Founder and convenor: Julie Thorndyke
Tanka Huddle has had a busy and productive year, writing on diverse topics with many publications and personal milestones. Meetings varied according to who was away travelling and who was in town; some visitors and “first timers” were welcomed for a taster visit or to stay; a generous spirit of critique and enjoyment was always to be found around the Huddle table.
It is a joy to see the work of former Huddle members and friends in print: the tanka poetry circle enriches and grows, linking lives and widening in an ever-growing spiral of literary friendship.
Moonrise, a group within a group:
Dawn Bruce, leader
2011 saw the birth of Moonrise, our tanka group within our Ozku haiku group. It began tentatively, but interest grew until we now have everyone enthusiastic … especially after work was published in a number of high quality magazines.
We will continue alternating Ozku and Moonrise meetings in 2012.
The Bindii Japanese Genre Poetry Group:
Lynette Arden, leader
The Bindii Japanese Genre Poetry Group are preparing to launch the first issue of their Journal, Haiku Bindii Vol. 1 Journeys at an event on 3 December at the Box Factory, Adelaide. Our launch speaker will be Mr Adam Wynn, Hon Consul-General for Japan in South Australia. There will also be reading of work by some of the twenty Bindii contributors to the volume, Japanese flute music played by Munetaka Umehara and refreshments will be served.
At our 5 November meeting the Bindii group held a workshop on senryu, with some historical background and discussion about ‘what is senryu’ followed by presentation of ancient and modern examples from Japanese and contemporary writers and work from members of the group.
We also selected work to post in the showcase on Haiku Bindii blog from the October Challenges.
Beverley George’s photos of her meeting with group members at the SA Museum on 22 Sept were circulated. Thank you Beverley.
Poets from the Bindii group will also be performing at the Box Factory Christmas Market on 10 December.
Limestone Tanka poets, 30th October 2011 meeting:
Founder and Facilitator
There has to be good reason when the temperature is 24 degrees in Canberra to stay indoors, and Gerry Jacobson’s How-a-Poet-Works session was more than enough motivation for Limestone Tanka Poets to gather at the Writer’s Center, Sunday 30th October for our monthly meeting.
Coincidently, Gerry’s initiation into tanka commenced four years ago in a Tanka Journal Workshop facilitated in this same conference Room. Amazing to discover that he has written 1500 tanka in notebooks since that time in cafes in London, Stockholm, Sydney and Canberra as well as other venues, many of which are now published. Gerry’s greatest challenge is to master tanka prose. Speaking of this inspired others to also try.

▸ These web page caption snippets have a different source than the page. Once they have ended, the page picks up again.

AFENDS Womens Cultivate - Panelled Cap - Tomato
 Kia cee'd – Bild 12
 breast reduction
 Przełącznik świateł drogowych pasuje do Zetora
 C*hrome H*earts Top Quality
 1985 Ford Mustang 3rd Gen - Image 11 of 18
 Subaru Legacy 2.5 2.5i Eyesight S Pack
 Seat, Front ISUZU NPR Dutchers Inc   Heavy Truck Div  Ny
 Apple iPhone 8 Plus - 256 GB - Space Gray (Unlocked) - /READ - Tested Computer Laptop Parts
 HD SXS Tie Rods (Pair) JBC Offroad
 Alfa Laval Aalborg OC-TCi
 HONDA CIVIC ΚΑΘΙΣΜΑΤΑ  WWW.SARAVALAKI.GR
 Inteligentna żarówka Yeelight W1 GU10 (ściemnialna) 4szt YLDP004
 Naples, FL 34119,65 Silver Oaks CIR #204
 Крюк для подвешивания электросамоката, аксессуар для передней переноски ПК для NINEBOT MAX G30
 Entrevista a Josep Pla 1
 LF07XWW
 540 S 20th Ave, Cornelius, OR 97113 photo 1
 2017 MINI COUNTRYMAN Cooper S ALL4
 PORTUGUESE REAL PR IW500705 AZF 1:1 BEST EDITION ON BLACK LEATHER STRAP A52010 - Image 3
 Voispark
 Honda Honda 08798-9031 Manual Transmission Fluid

Surprising how quickly time passes when six poets are responding to twenty tanka in an hour. The topics for this month, ‘Home’ and ‘Away’, bought about varied content ranging from Christmas snow, cherry trees, to counting facebook friends as well as a tanka about a tiny wren, delicate in understanding and description. Once again the standard was high. Everyone took home these poetry sheets (and September’s challenges) to vote on for consideration in proposed Limestone Tanka Poet’s inaugural anthology, 2012.
We also learnt that the Canberra launch date for Food for Thought, Amelia Fielden’s tanka anthology, will be 14th January, 2012, and discussed Eucalypt challenge, Coining a Phrase, 10th November 2011, as well as the deadline (12th December 2011) for Snipe Rising from a Marsh – Birds in Tanka, An Atlas Poetica Special Feature.
Strolling through late afternoon sunshine back to the car it was hard to comprehend that after nine Limestone Tanka Poets monthly meetings for 2011, the next (on 27th November) will be the last for this year. Fitting to end our inaugural year with a much-anticipated workshop by David Terelinck. Waiting to hear what he, as facilitator, might like our November challenge to be, ‘Coast’ was suggested in case the choice was up to us.
Apologies were received from Paul Williams, Michael Thorley, John Van De Graaff, June Foster and Saeko Ogi.